# [WHAT TO DO]
Starting at the first line of the material below, retype each line exactly until you reach the line with "第二届深圳<em>大芬</em>国际油画双年展开幕", which is also included; pictures stay out.

# [INFORMATION]
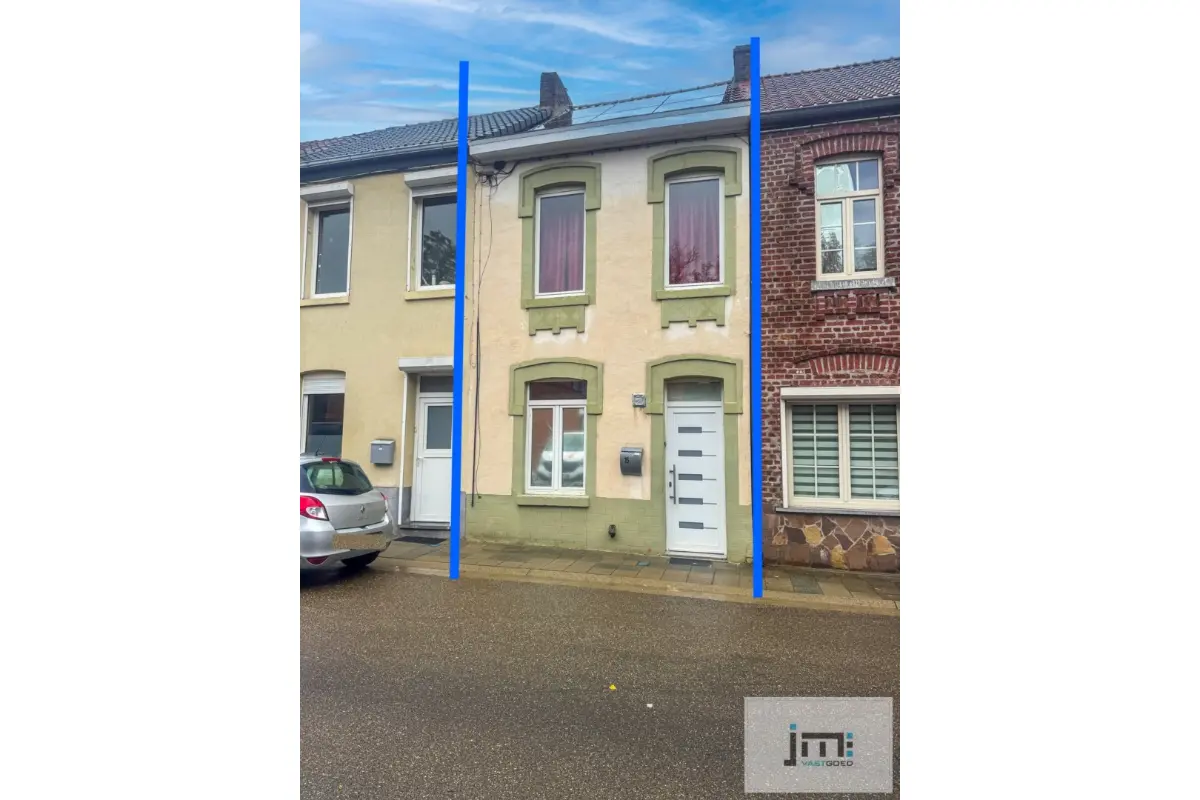 Huis te  koop in Sint-Truiden 3800 200000.00€ 3 slaapkamers 130.00m² - Zoekertje 622261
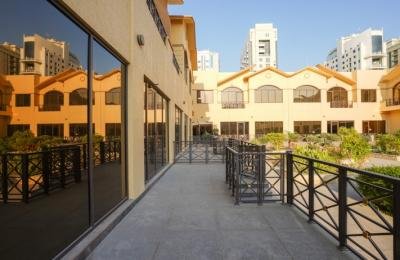 Spacious 4BR Villa | Near Mall of the Emirates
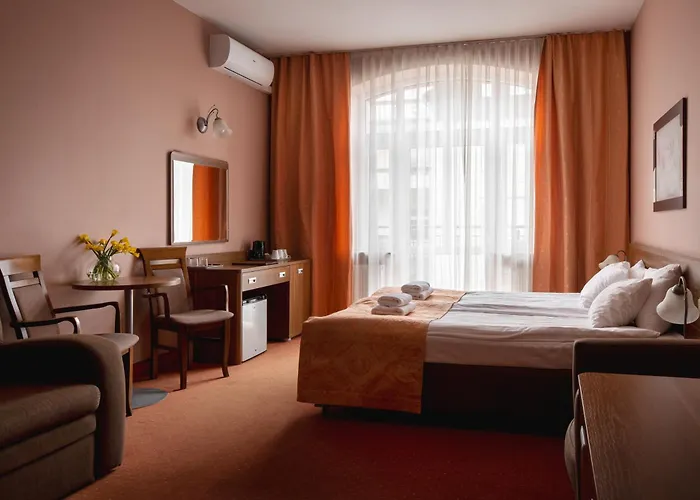 Paria Hotel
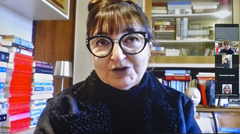 professora Sônia Ogiba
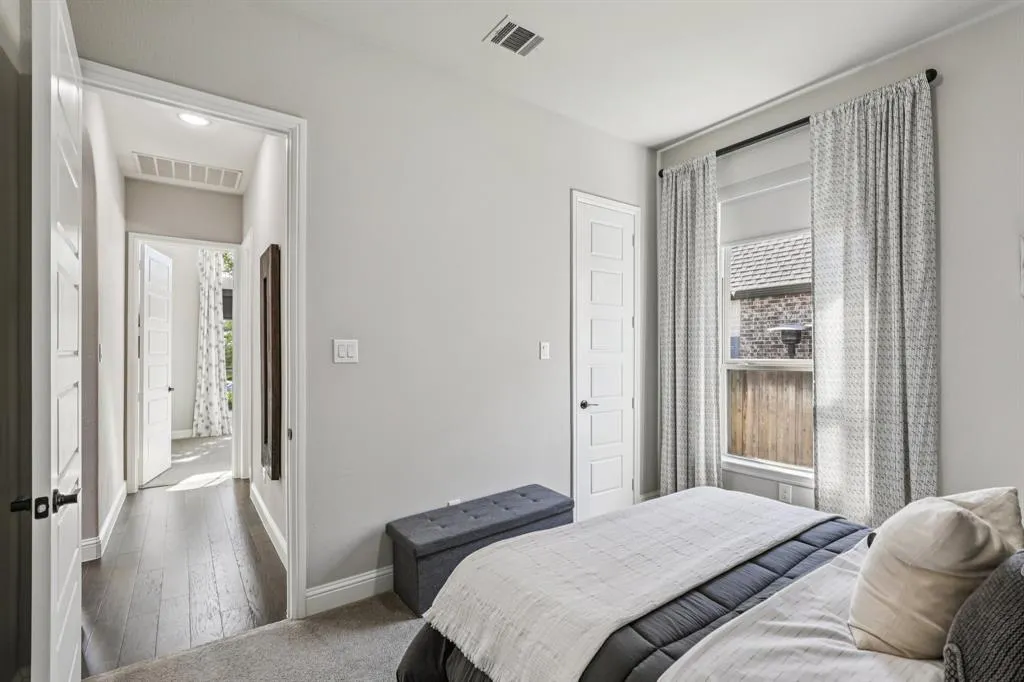 2901 Meadow Dell Drive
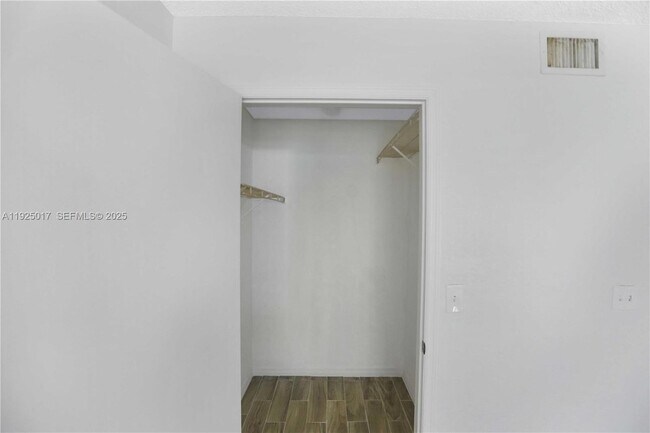 Building Photo - 417 Vista Isles Dr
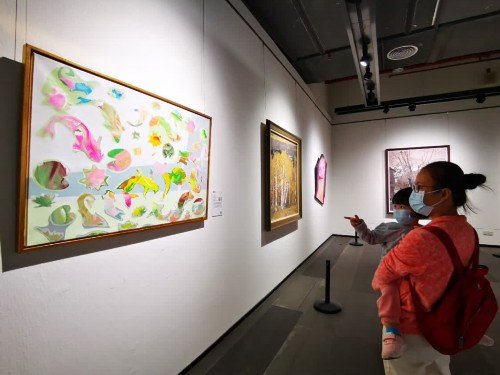 第二届深圳<em>大芬</em>国际油画双年展开幕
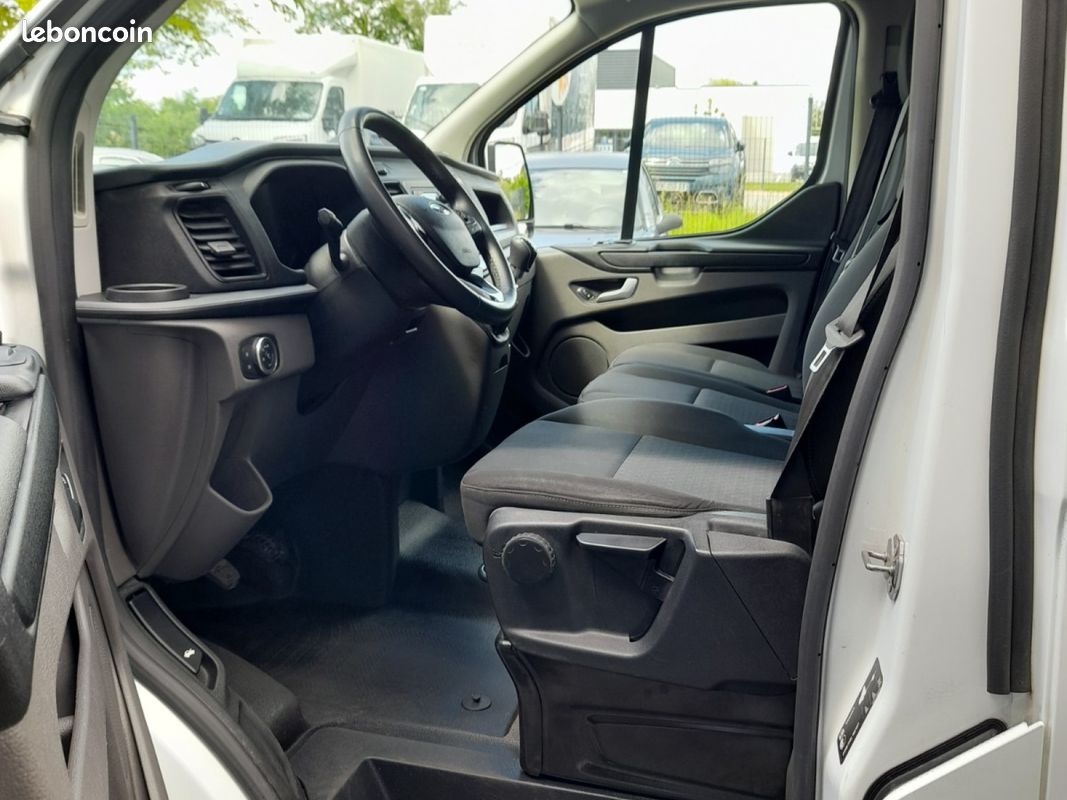 Ford transit custom cabine approfondie 6 places l2h1 130cv trend business prix 18000 euros ht (image 17)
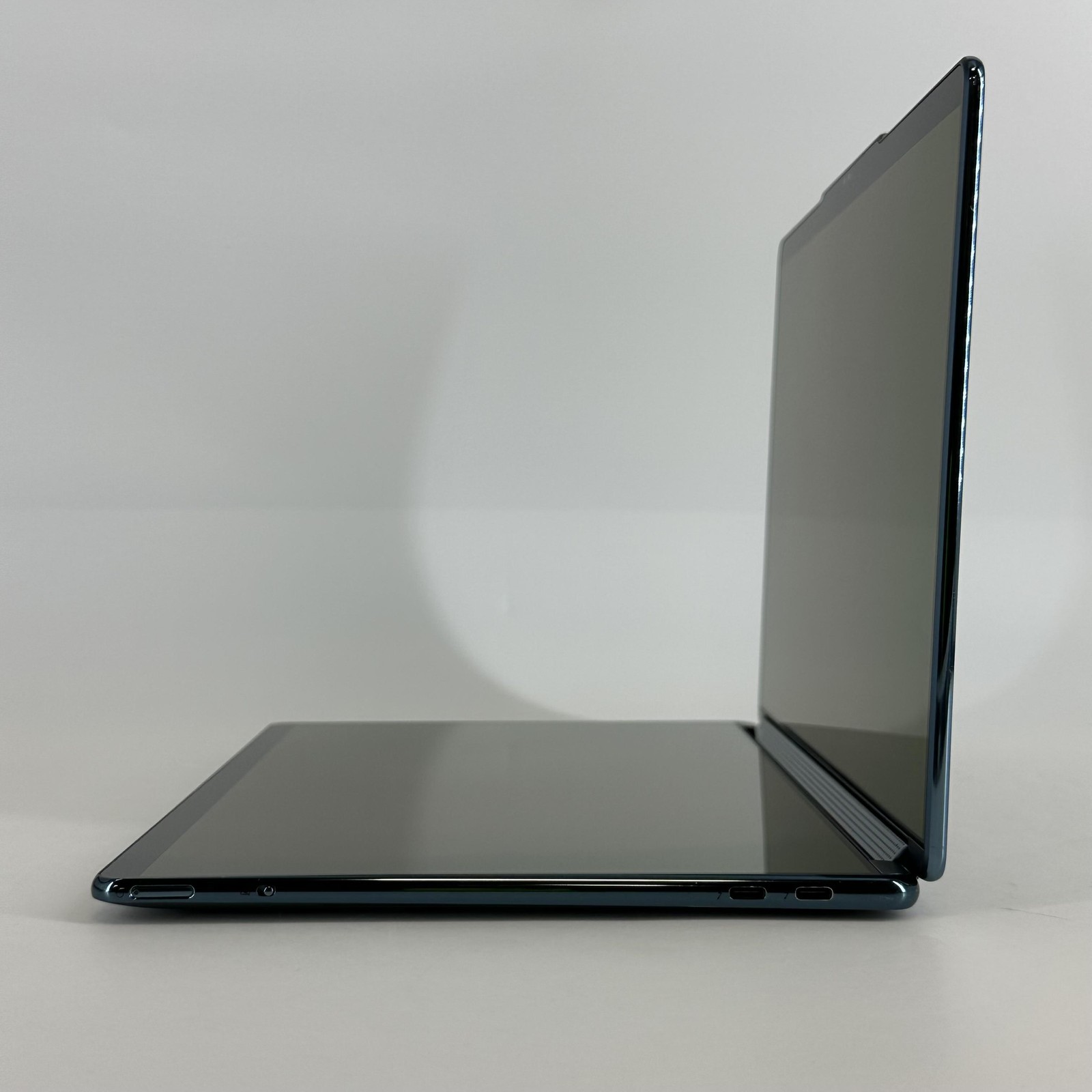 Lenovo Yoga Book 9i 13.3 HD TOUCH 1.7 GHz i7-1355U 16GB 1TB SSD BAD USB-C PORT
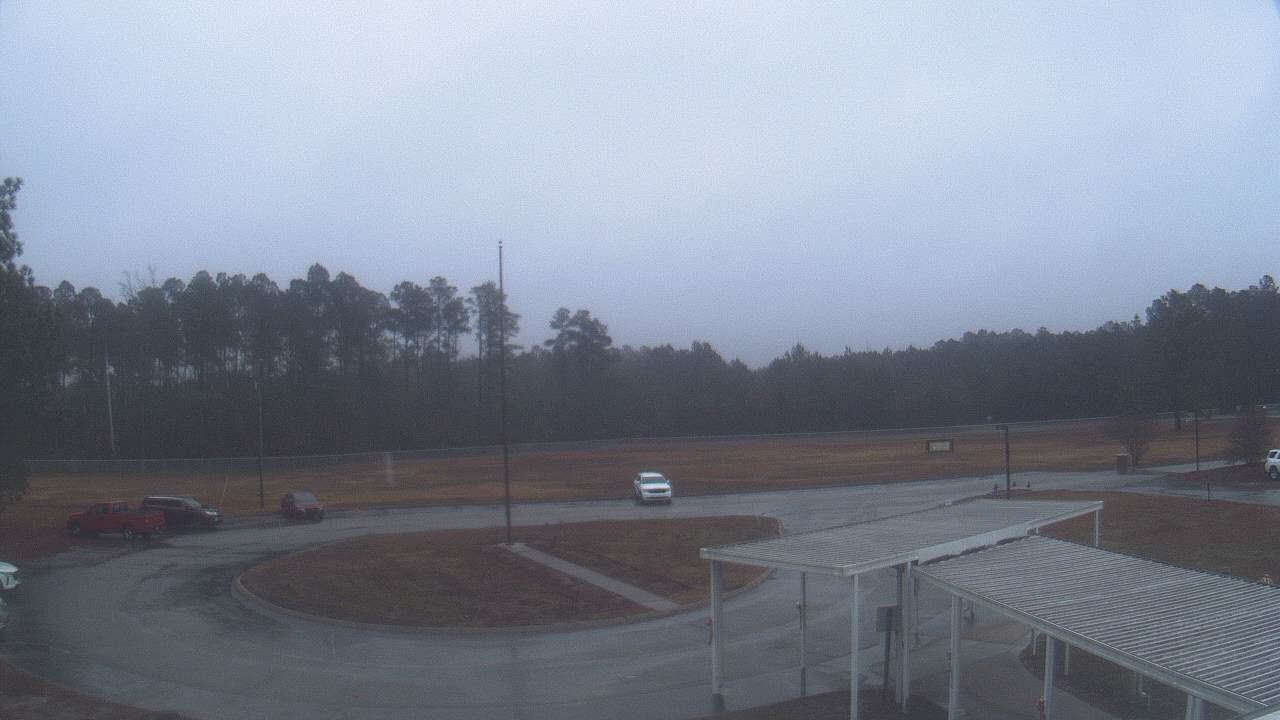 Thumbnail for current weather camera view from Bladen Lakes Primary School in Elizabethtown, North Carolina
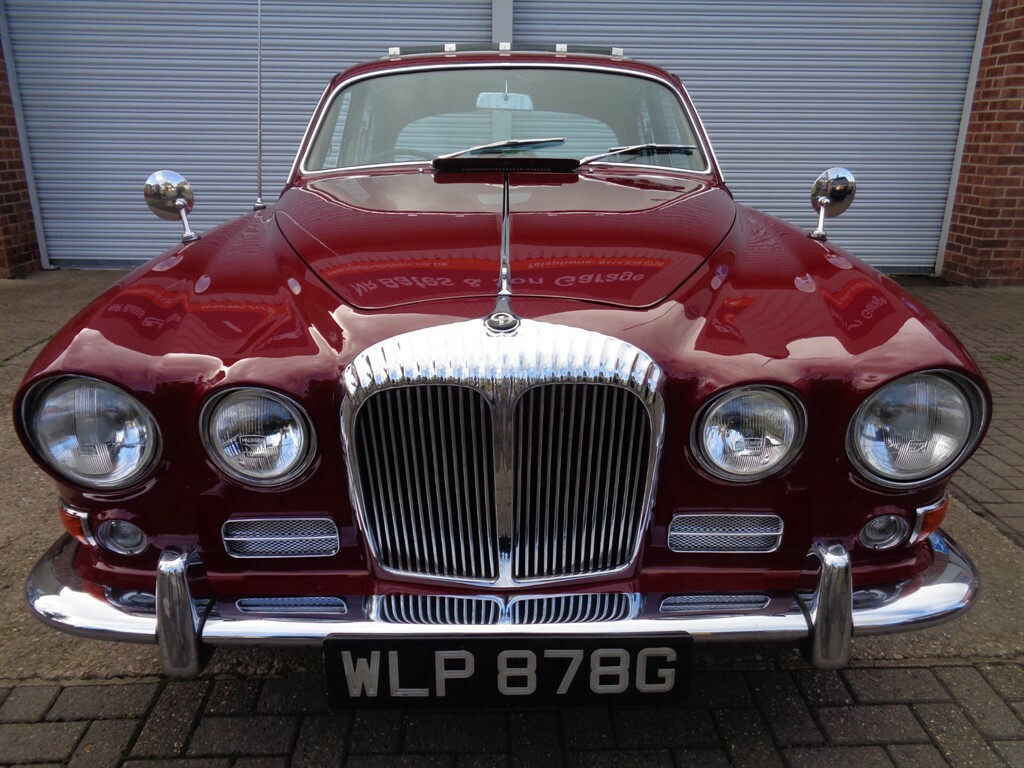 Daimler Sovereign Saloon Red #2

# [OUTPUT BELOW]
 Huis te  koop in Sint-Truiden 3800 200000.00€ 3 slaapkamers 130.00m² - Zoekertje 622261
 Spacious 4BR Villa | Near Mall of the Emirates
 Paria Hotel
 professora Sônia Ogiba
 2901 Meadow Dell Drive
 Building Photo - 417 Vista Isles Dr
 第二届深圳<em>大芬</em>国际油画双年展开幕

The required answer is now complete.